Tag Archive for: cantoras XXI

Leonor Baldaque, New dates of love
Leonor Baldaque

Leonor Baldaque nasceu no Porto, e começou a estudar violoncelo muito nova. Aos 19 anos, a convite de Manoel de Oliveira, deu início à sua carreira de atriz, tendo trabalhado com o cineasta português durante 12 anos. Fez o seu último filme, “La Religieuse Portugaise”, com o cineasta francês Eugène Green, filme graças ao qual venceu o prémio de melhor atriz da Fundação GDA.

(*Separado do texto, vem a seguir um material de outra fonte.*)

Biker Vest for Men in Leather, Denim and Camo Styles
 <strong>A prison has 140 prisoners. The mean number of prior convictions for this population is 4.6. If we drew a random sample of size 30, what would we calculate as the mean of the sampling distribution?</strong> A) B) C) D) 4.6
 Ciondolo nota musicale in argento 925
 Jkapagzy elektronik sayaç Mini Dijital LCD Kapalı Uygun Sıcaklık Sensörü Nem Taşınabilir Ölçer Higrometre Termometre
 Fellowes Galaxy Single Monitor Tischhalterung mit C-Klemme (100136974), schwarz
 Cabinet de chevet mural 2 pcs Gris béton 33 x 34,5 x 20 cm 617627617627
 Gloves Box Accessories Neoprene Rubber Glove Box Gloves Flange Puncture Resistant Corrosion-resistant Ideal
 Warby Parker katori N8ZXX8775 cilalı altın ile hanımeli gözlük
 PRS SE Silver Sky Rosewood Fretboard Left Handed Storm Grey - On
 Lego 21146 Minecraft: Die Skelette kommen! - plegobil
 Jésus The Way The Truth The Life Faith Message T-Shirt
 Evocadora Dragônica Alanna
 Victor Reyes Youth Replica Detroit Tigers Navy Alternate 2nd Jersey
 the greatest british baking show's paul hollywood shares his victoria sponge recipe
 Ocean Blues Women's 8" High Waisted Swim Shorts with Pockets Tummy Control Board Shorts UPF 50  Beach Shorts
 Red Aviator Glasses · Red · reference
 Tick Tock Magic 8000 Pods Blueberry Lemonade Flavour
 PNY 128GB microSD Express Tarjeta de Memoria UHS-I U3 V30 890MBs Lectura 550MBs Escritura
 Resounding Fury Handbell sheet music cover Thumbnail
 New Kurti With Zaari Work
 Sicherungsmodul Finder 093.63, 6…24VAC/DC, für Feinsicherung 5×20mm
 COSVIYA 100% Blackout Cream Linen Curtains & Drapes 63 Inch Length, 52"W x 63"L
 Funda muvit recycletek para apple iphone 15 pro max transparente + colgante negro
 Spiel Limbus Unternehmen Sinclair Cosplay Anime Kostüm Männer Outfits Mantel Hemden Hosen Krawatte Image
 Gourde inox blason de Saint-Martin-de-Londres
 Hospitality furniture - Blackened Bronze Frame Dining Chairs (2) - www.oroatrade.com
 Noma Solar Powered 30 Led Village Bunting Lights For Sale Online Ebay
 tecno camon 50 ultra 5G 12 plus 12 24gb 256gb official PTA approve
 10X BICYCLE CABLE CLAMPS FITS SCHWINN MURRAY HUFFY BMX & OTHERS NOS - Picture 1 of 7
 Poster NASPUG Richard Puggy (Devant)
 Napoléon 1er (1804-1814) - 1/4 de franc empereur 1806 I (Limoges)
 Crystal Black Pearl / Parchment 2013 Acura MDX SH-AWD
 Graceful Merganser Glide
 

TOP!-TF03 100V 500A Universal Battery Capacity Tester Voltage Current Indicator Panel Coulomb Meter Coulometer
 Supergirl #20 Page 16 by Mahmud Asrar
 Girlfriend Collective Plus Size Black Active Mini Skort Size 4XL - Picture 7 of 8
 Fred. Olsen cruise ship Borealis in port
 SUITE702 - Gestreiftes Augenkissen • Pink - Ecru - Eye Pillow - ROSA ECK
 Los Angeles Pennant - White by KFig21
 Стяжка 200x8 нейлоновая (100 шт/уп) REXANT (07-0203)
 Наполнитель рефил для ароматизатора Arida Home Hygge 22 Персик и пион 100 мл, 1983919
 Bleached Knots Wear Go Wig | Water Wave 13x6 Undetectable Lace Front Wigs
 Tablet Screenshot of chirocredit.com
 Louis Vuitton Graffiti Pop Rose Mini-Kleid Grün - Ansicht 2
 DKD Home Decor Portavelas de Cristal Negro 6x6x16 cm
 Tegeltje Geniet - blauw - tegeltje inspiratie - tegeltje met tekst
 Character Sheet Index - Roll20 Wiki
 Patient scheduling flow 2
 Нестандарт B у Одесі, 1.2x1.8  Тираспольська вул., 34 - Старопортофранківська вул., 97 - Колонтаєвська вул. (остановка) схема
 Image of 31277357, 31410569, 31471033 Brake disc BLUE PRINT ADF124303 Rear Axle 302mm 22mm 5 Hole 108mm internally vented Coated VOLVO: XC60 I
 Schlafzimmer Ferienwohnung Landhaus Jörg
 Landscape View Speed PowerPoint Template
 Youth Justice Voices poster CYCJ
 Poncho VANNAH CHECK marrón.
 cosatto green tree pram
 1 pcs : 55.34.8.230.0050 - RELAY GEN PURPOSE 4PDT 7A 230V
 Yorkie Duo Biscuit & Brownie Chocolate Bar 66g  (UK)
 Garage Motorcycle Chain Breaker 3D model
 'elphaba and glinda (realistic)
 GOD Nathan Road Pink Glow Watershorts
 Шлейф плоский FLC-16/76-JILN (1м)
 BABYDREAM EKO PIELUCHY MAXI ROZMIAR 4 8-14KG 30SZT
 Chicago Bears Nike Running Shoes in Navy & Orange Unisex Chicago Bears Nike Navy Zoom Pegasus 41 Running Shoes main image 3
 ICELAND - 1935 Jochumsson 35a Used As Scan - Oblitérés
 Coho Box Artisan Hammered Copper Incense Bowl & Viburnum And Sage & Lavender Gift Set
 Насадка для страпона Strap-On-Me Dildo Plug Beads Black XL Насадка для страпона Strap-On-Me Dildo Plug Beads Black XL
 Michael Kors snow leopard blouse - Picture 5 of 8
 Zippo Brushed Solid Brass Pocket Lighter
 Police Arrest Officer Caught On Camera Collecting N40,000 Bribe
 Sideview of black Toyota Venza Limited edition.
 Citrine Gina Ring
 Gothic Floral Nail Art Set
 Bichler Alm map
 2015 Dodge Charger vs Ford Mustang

Entretanto, já se tinha mudado para Paris, onde vive há mais de 20 anos. Deixando o cinema, dedica-se por completo à escrita, escrevendo em língua francesa. Publicou até à data dois romances, em duas das mais prestigiadas editoras francesas, Vita (La Vie Légère), (éditions Gallimard), e Piero Solitude (éditions Verdier). Enquanto escreve o seu terceiro romance, adquire uma guitarra, algo que veio por completo revolucionar a sua vida e criação. Iniciou então uma relação intensa com este instrumento e com a escrita de canções e de poemas em inglês.

O seu primeiro álbum, Few Dates of Love, sai em 2024. Os seus dois primeiros singles foram Few Dates of Love e My New Drink, cujos videoclipes foram realizados pela artista. Leonor Baldaque apresenta as Few Dates of Love a 22 de Fevereiro de 2023, na Casa da Música.

Ser artista é uma forma de sentir o mundo e também uma forma de lutar e viver por uma liberdade. Essa forma de sentir, num ou numa artista, pode-se exprimir de diferentes maneiras. Consoante as inclinações naturais de cada um. Para mim, é a performance, a escrita, e agora a canção. (Leonor Baldaque)

O disco de estreia Few Dates of Love é editado no primeiro trimestre de 2024.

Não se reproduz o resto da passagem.